Livingston Stone National Fish Hatchery at the base of Shasta Dam was established in 1997. It is the only hatchery in the world that raises winter-run chinook salmon and is one of two captive brood stock programs for Delta smelt in California.
Today, there are three types of migratory barriers to anadromous fish within Battle Creek: natural waterfalls, hydroelectric diversion dams, and the Coleman Hatchery weir.
There are efforts underway to restore and enhance the endangered winter-run chinook salmon.

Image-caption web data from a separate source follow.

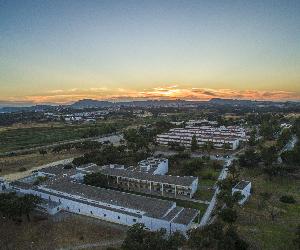 https://upload.wikimedia.org/wikipedia/commons/7/73/Campus_do_IPS_em_Set%C3%BAbal.jpg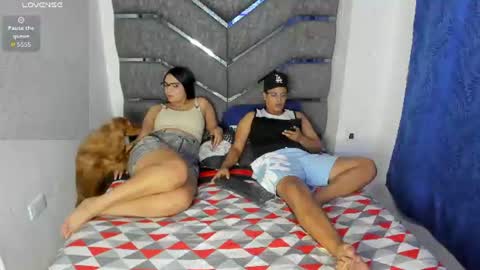 James and Sara online show from 08-08-26, 04:47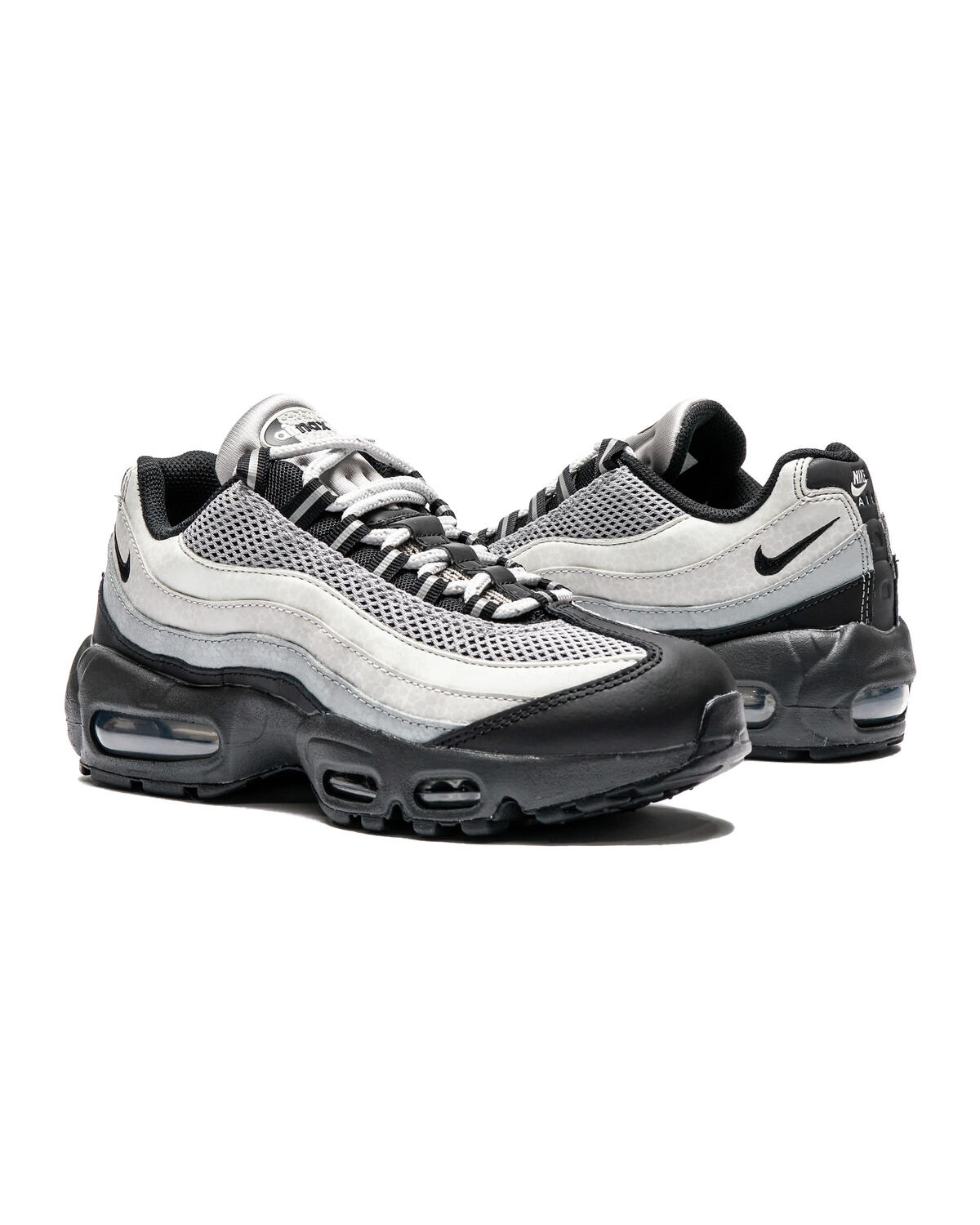 Nike WMNS Air Max 95 - Light Smoke Grey / Black-Photon Dust / Sail / Anthracite - Image 14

Reclamation made numerous operational changes. A temperature control device on the upstream face of Shasta Dam releases varying amounts of water from three depths (to a maximum depth of 350 feet) to maintain favorable downstream temperatures for spawning fish. Other actions include closing the Delta Cross Channel gates for several months to keep migrating salmon in the river channel.
Shasta Dam and the Future
According to Reclamation, enlarging the reservoir would improve water supply reliability, reduce flood damages and improve water temperatures in the Sacramento River below the dam for anadromous fish survival.
Raising the dam 18.5 feet, for example, would mean an additional 636,000 acre-feet a year, enough water to sustain 2 million people a year. Opponents say the amount of water made available by raising the dam is not worth the ecosystem costs —flooding of canyons and endangering wildlife and habitat —and further loss of sacred tribal ground (an issue unresolved from the original construction).
Congress in 2018 set aside $20 million for design and preconstruction work on the project. The state of California went to court in 2019 to block CVP contractor Westlands Water District from assisting in the planning and construction of a dam raise. A subsequent ruling granted a preliminary injunction halting Westlands’ participation in the project. California opposes the project because it would inundate a reach of the McCloud River, which is designated as a California wild and scenic river.
Meanwhile, the Bureau of Reclamation is conducting the Shasta Lake Water Resources Investigation to evaluate enlarging Shasta Dam and Reservoir. As the investigation progresses, Reclamation plans to continue related work on environment, water rights and Native American and cultural resources.